What you need to do - Write out every line exactly, from the start of the records below to the line with "That's all for", and stop there. Don't write out the pictures.

==============================

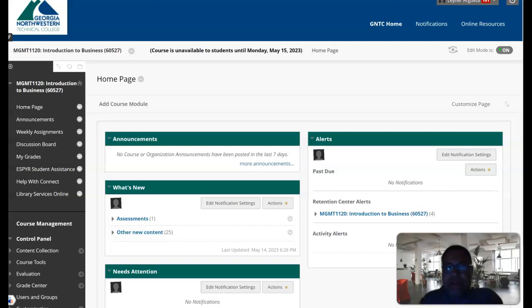Hey guys, how are you? This is Mr. Argueta coming to you a day before we start classes. Classes start tomorrow, but I wanted to get this video out to you because I think it's important for you to understand how this class is structured. I hope this gets the message across — I basically wanted to give you a quick update on what to expect when you get started.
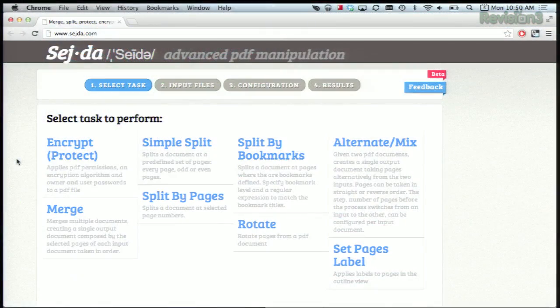First, select the task you want to accomplish — like encrypt, merge, rotate, split by bookmarks, etc. Then pick your files. Let's do encrypt.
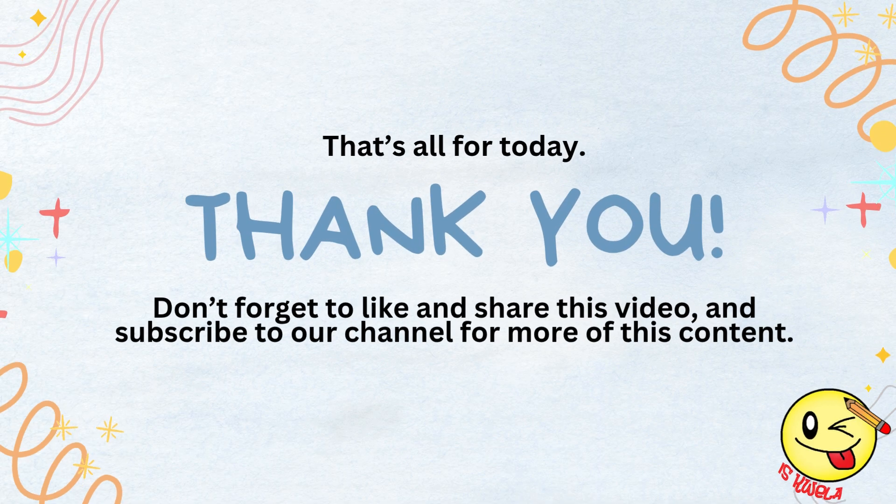That's all for today. Thank you! Don't forget to like and share this video and subscribe to our channel for more of this content.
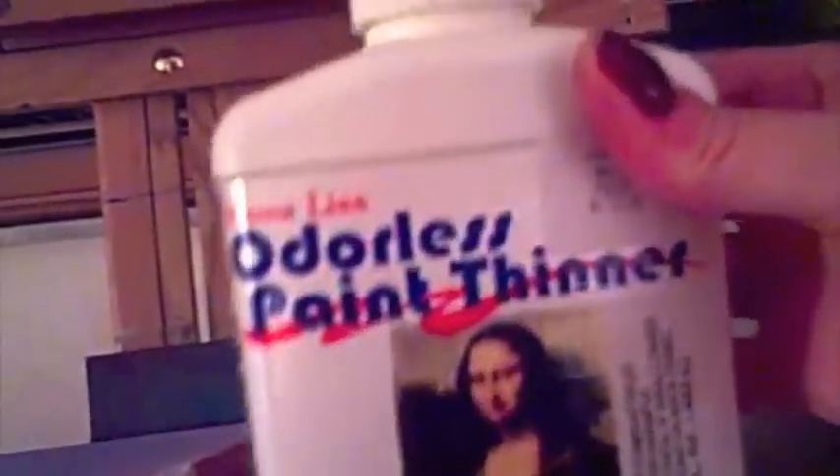Daler Rowney puts out a nice little set — all of these came together in one fairly inexpensive set of oils. You need something to put your turpenoid or brush cleaner in. This is the brand I've been using to clean my brushes and thin my paints — it's Mona Lisa odorless. You saw these little six-by-six inch squares; I got them cut at Home Depot, primed them, and painted acrylics on them to give different background colors.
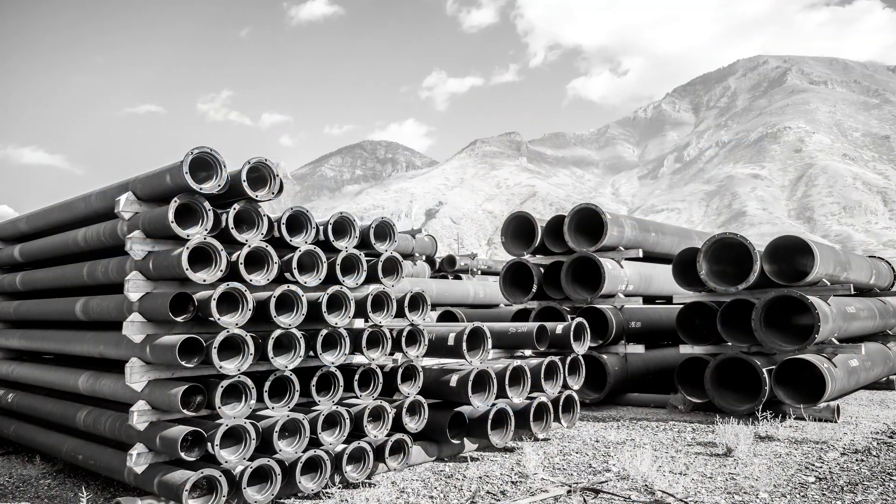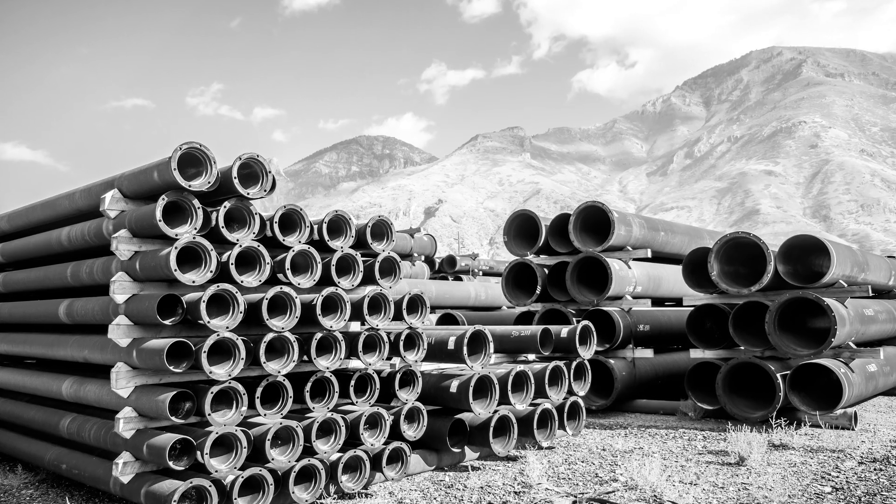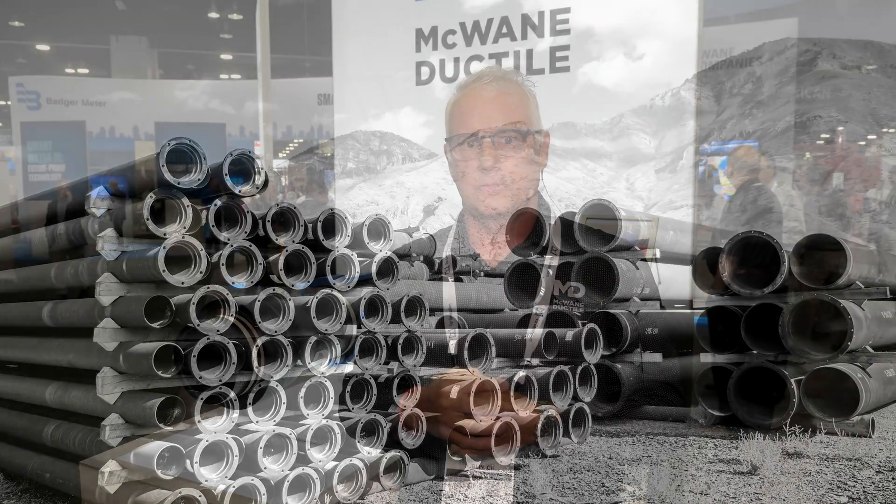Ductile iron pipe was first installed in the 1950s. With that, the fittings, saddles, couplings, etc. that were used in these systems were designed to be used on ductile iron pipe. As new materials were introduced to the market, those materials had to be designed or modified to correctly connect them to the existing system fittings and piping materials that were already in place.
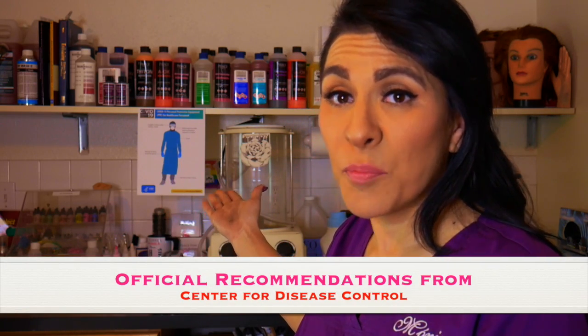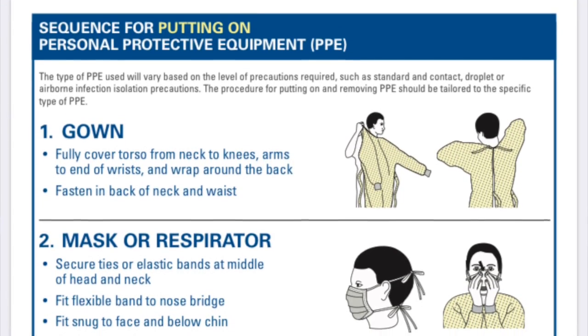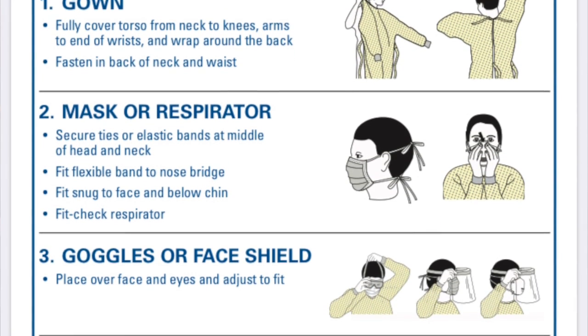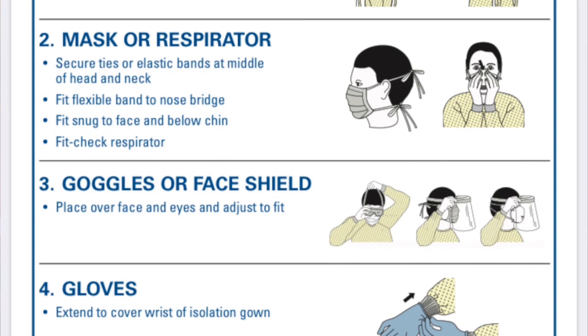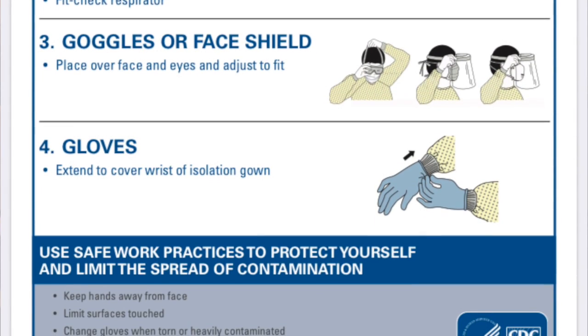You can see here in the back I have printed out the recommendations by the CDC and put that up in my prep room. I hope that helps — you can print them out and put them up in your prep room as well. I've also printed out the sequence for putting on and taking off our personal protection items, and that's what I'm going to cover today.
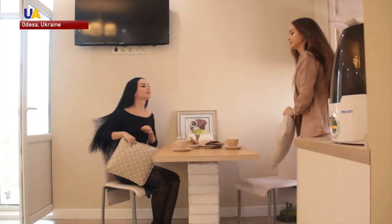Realizing her art is a family effort. Vitalia's husband and sister help her in finding creative ideas for future paintings.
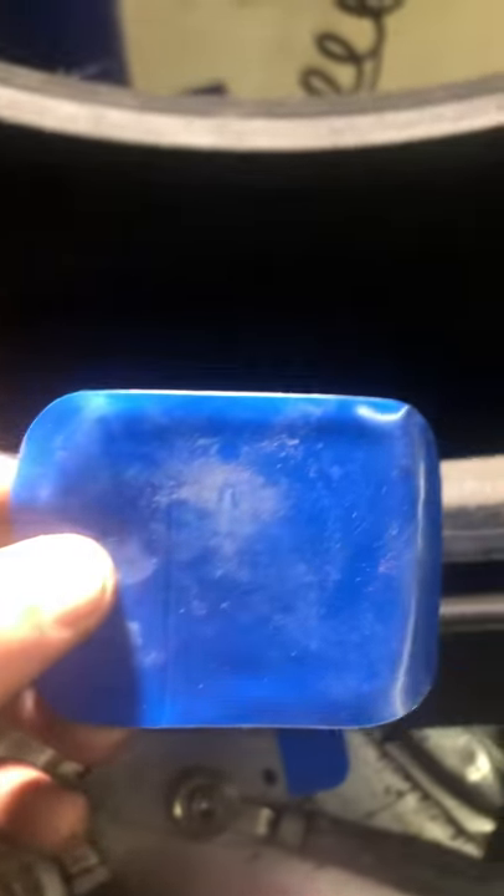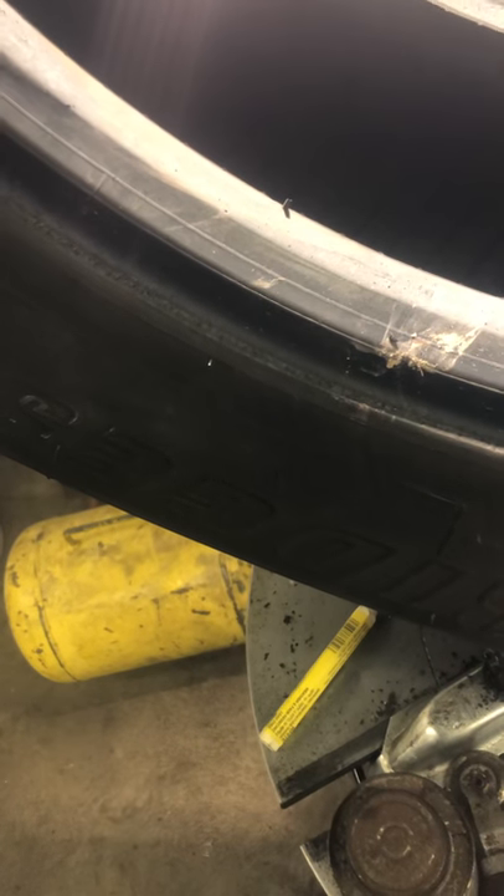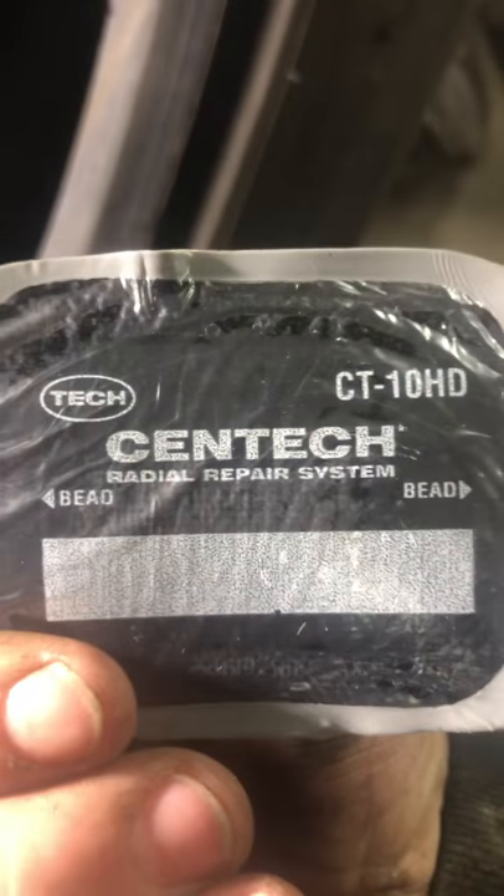With the CT10HD patch, when you do these you cannot touch the gray part underneath the blue or it will not stick. There is a crease in the middle where you separate it. As you can see on the patch, the bead arrows must be pointing out toward the bead. Still see our hole in there — put your hole in the center of the patch and lay your patch so your arrows are facing the bead.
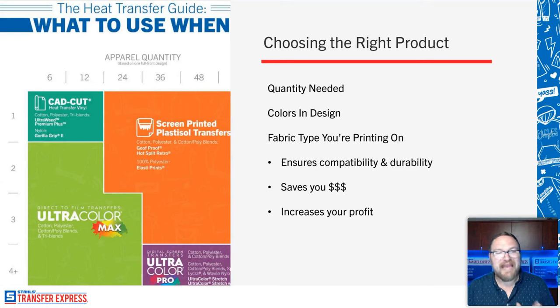In the upper left of the chart is CAD cut — heat transfer vinyl — which is great for one piece in really just one color, and requires access to a silhouette, Cricut, graphtec, or some kind of vinyl cutter. It's great for same-day or next-day personalization like a name or number for someone who needs a shirt for a football game tomorrow. Layering multiple colors with HTV takes time, and time is money, so at higher quantities it's not the most efficient option for your return on investment.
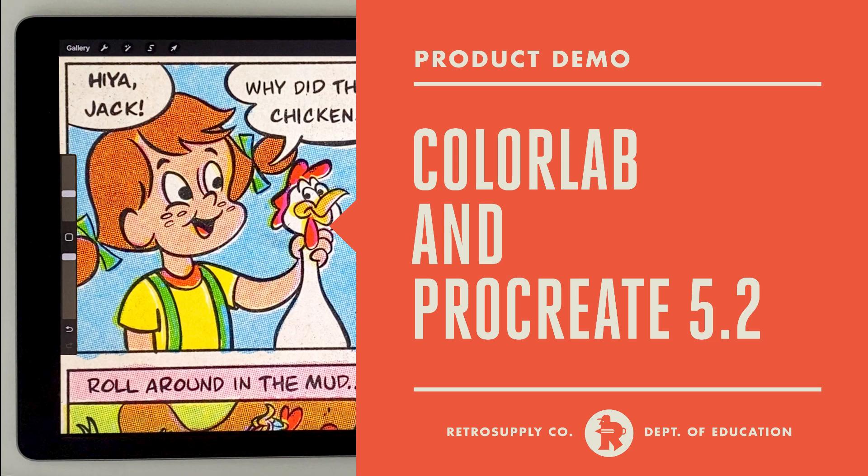Procreate 5.2 is here and it comes with an update that makes working with ColorLab a little bit easier. Let's take a look.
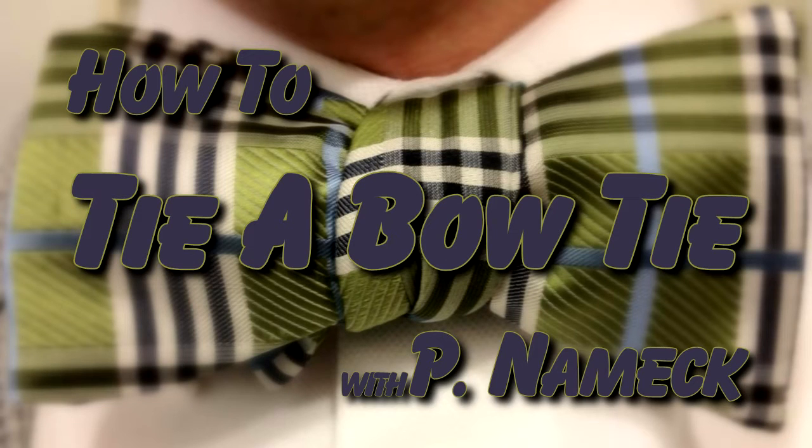Hello and welcome. My name is Paul and today I'm going to teach you how to tie a bow tie.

==============================

Response to the exercise -
Hey guys, how are you? This is Mr. Argueta coming to you a day before we start classes. Classes start tomorrow, but I wanted to get this video out to you because I think it's important for you to understand how this class is structured. I hope this gets the message across — I basically wanted to give you a quick update on what to expect when you get started.
First, select the task you want to accomplish — like encrypt, merge, rotate, split by bookmarks, etc. Then pick your files. Let's do encrypt.
That's all for today. Thank you! Don't forget to like and share this video and subscribe to our channel for more of this content.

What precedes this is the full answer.